Anyway, let's start!
The first thing I did is passing a layer of primer for wood on the triangle and on the legs of my table.
This paint helps the final color hold on a very smooth piece of wood.
You could actually sand it a little with sandpaper instead, but doing this on a very curvy surface is not easy at all. For this reason, I used this special paint for wood and let it dry.
I didn't do this on the whole table because I knew that I was going to upholster the rest later.
Step 2: Paint the Table
Once the primer is dry, you can remove the excess and make it smoother using a pretty fine steel wool. You could use a fine sandpaper but, again, steel wool is much easier to use on curves.
After doing that, you can finally paint on the white paint with a regular varnish - I used a beige/cream color.
You may need to pass more than one layer of paint this time, it depends on how well your varnish covers the wood. In this case, always remember to wait for the previous layer to dry before painting on it again.
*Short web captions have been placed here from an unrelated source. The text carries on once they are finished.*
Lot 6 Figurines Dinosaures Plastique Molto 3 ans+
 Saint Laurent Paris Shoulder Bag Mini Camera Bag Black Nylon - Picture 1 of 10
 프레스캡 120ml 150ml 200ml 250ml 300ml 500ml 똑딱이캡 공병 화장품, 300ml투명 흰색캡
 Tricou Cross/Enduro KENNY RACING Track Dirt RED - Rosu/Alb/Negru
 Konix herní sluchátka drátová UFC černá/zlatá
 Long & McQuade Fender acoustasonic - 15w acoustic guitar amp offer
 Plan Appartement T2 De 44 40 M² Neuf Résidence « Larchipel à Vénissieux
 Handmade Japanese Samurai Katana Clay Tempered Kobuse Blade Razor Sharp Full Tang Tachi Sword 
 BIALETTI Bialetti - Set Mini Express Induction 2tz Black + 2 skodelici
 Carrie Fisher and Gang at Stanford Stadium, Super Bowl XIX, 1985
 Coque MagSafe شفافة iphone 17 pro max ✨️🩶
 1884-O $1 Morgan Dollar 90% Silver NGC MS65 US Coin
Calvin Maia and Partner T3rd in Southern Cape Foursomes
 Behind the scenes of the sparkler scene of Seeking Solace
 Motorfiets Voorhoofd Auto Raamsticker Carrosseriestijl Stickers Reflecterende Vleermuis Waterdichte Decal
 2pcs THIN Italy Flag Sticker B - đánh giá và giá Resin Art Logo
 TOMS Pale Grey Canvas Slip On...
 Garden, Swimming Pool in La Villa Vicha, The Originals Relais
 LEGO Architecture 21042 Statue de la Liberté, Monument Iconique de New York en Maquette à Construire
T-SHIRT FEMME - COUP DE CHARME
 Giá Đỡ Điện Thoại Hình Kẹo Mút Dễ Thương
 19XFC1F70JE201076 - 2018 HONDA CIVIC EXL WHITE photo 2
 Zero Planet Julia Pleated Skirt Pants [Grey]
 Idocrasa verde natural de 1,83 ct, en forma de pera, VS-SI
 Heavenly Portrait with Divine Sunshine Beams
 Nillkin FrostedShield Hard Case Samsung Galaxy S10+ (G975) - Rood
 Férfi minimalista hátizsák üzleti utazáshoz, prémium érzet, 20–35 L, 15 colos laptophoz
When you finally decide that the wood is completely covered and the paint is compact, let it dry for the last time! :)
ps: I had so much fun doing all of this...I need to paint furniture more often! :D
Step 3: Cut the Foam
It's time to begin the upholstery part!
Lay a big piece of thick upholstery foam on a table. It must be bigger than your coffee table because this will become the seat.
Mine was 10cm thick (3.93 inches) but you can use a thicker or a thinner one, it doesn't really matter except for one thing: the thicker it is, the harder will be stapling the whole seat later :(
Now place your coffee table upside down on the upholstery foam and trace its outline on the foam making it about 1cm bigger (0.39 inches) than the table.
Remove the table and cut the foam following the outline you traced. I used a special foam cutter but you can use whatever you have or your feel more comfortable with.
I don't recommend using scissors (even big ones) because the cut will not be accurate on thick foam. You can normally use them if your foam is thin.
Step 4: Glue the Foam
Before covering the seat, we need to secure the foam on the table to make sure that it doesn't move.
What you need here is a specific glue for foam, I think it's epoxy in English, but I am not too sure about this.
Anyway, I didn't have this glue the day I worked on my chair so I tried to use white (wood) glue. I spread it on the table and placed it upside down on the octagonal foam that I had cut.
I let it dry for a night...
It worked!!! :)
Step 5: Cover the Seat
It's time to cover the seat.
I used red artificial leather but this can be done using any other kind of fabric.
Cut a big piece of fabric, it must be big enough to cover the whole foam and reach the wood behind.
Lay your piece of fabric upside down on a table and place your coffee table in the middle of it with the foam facing the back of the fabric.
Start stapling the opposite sides of the fabric to the wood, always pulling it enough to keep it tight.
If you are using artificial leather like I did, be careful not to pull it too much because it can easily break where the staples are. In case you are using another kind of fabric, pull it as much as you can: the result will be better.
Continue to staple all along the 8 sides.
Step 6: The Seat Is Almost Ready...
After stapling the sides, there are all the angles left...don't panic!
Actually, the angles that need to look better are the ones that will be at the front of your chair, and these are only 2! The others will be hidden later.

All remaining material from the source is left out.